All pictures are to be skipped; retype only the lines from the top of the entries through the line with "A tender moment", both included.

-.-.-

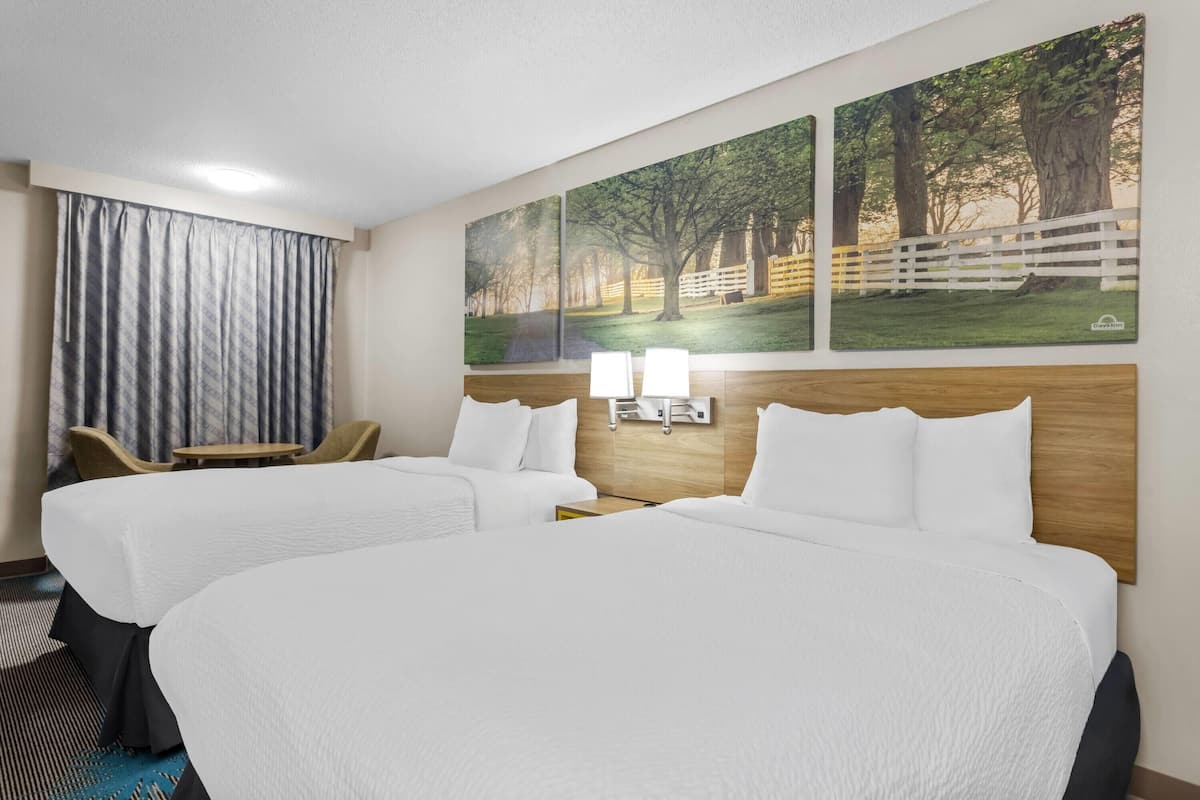 Ett hotellrum med två sängar, ett skrivbord, en stol och ett stort fönster med gardiner.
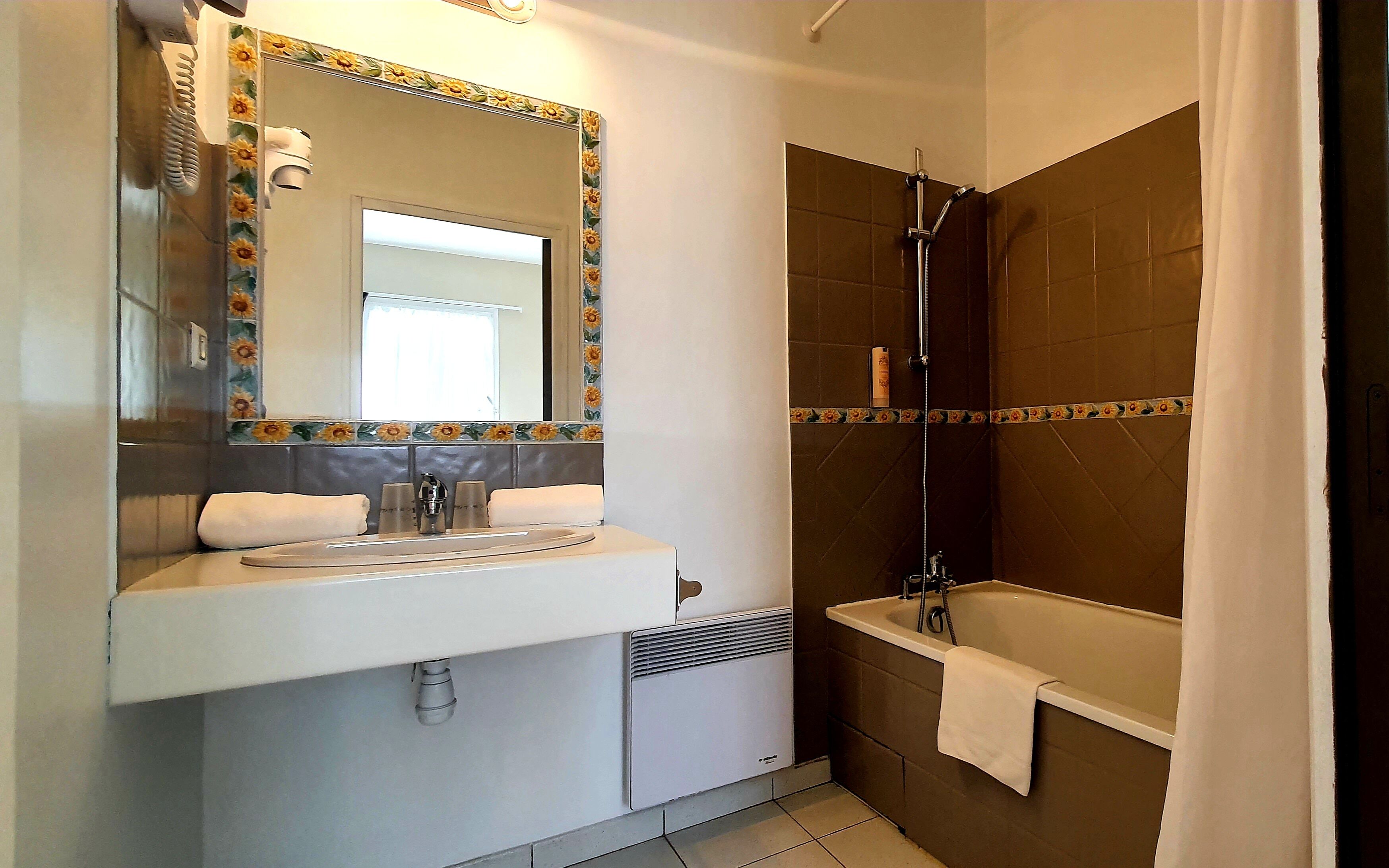 basic room, 1 queen bed | bathroom | hair dryer, towels, soap, shampoo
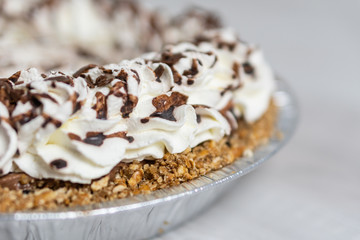 Closeup of delicious cream pie ready to server, Cream and chocolate topping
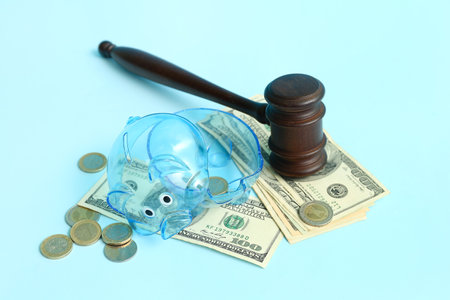 Broken plastic piggy bank with judge gavel and money on blue background. bankruptcy conceptの写真素材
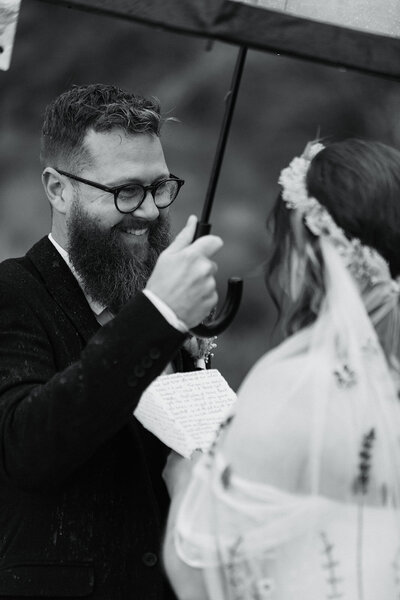 bride reads vows to groom in the rain
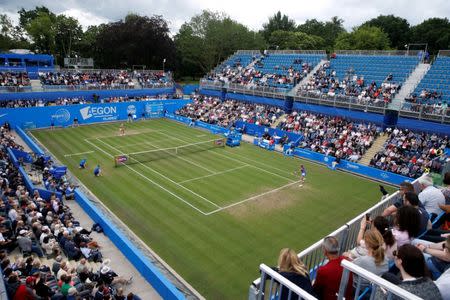 Tennis - WTA Premier - Aegon Classic - Edgbaston Priory Club, Birmingham, Britain - June 25, 2017 Czech Republic's Petra Kvitova (R) in action with Australia's Ashleigh Barty (L) the final Action Images via Reuters/Peter Cziborra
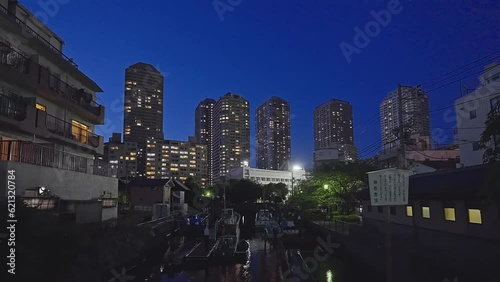 Night light Tokyo, Tsukuda, Toyosu skyscrapers and bridge the Sumida River Yakatabune, pleasure boat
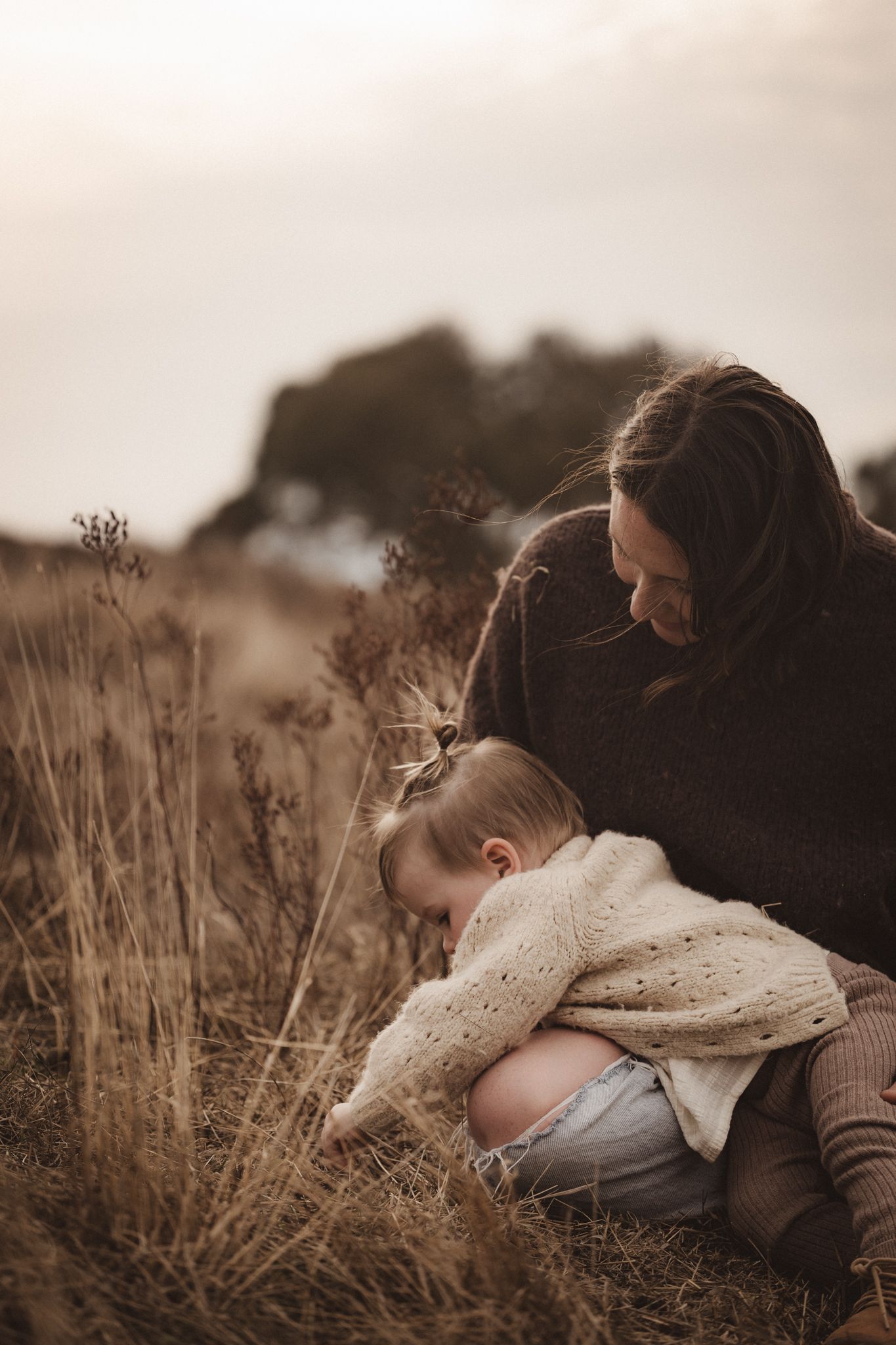 A tender moment between parent and child exploring dry grass together in warm sunset lighting.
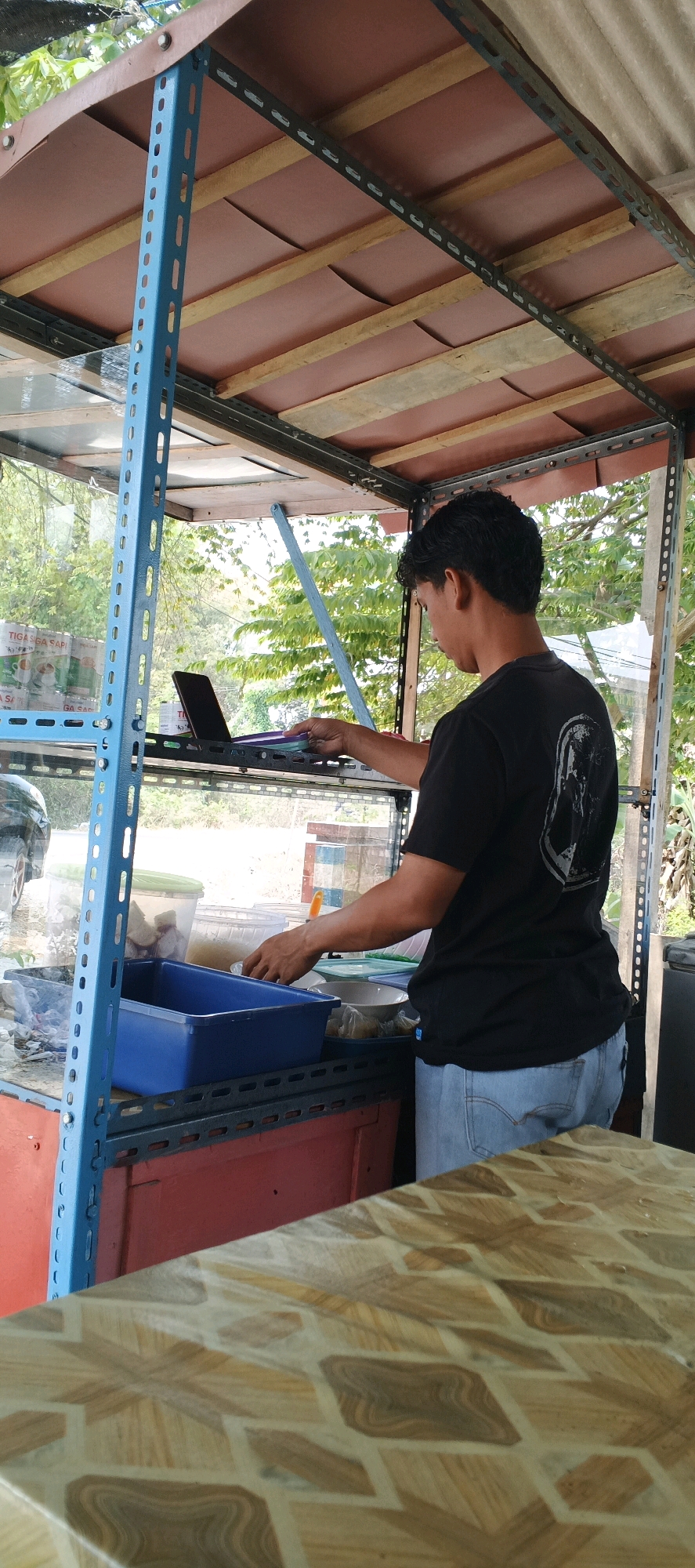 In Sonoadi, Indonesia, a young man in a black t-shirt and light blue jeans stands behind a food stall. The stall has a metal shelving unit with blue uprights and gray horizontal supports. On the shelves, there are various items, including a laptop, plastic containers, bowls, and a blue rectangular plastic tub. The man is looking down at the shelves and appears to be reaching for something or placing items. The background shows greenery and trees, indicating an outdoor setting. The foreground features a table with a patterned surface, likely a countertop or a separate table for customers. The overall impression is of a busy food stall or small eatery in a public area.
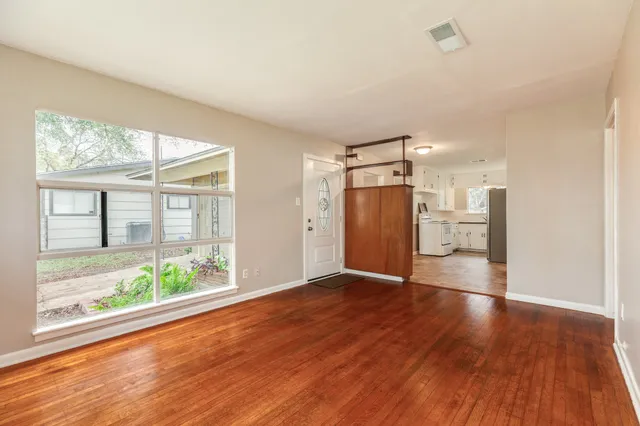 a view of empty room with wooden floor and a window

-.-.-

> COMPLETED EXERCISE
 Ett hotellrum med två sängar, ett skrivbord, en stol och ett stort fönster med gardiner.
 basic room, 1 queen bed | bathroom | hair dryer, towels, soap, shampoo
 Closeup of delicious cream pie ready to server, Cream and chocolate topping
 Broken plastic piggy bank with judge gavel and money on blue background. bankruptcy conceptの写真素材
 bride reads vows to groom in the rain
 Tennis - WTA Premier - Aegon Classic - Edgbaston Priory Club, Birmingham, Britain - June 25, 2017 Czech Republic's Petra Kvitova (R) in action with Australia's Ashleigh Barty (L) the final Action Images via Reuters/Peter Cziborra
 Night light Tokyo, Tsukuda, Toyosu skyscrapers and bridge the Sumida River Yakatabune, pleasure boat
 A tender moment between parent and child exploring dry grass together in warm sunset lighting.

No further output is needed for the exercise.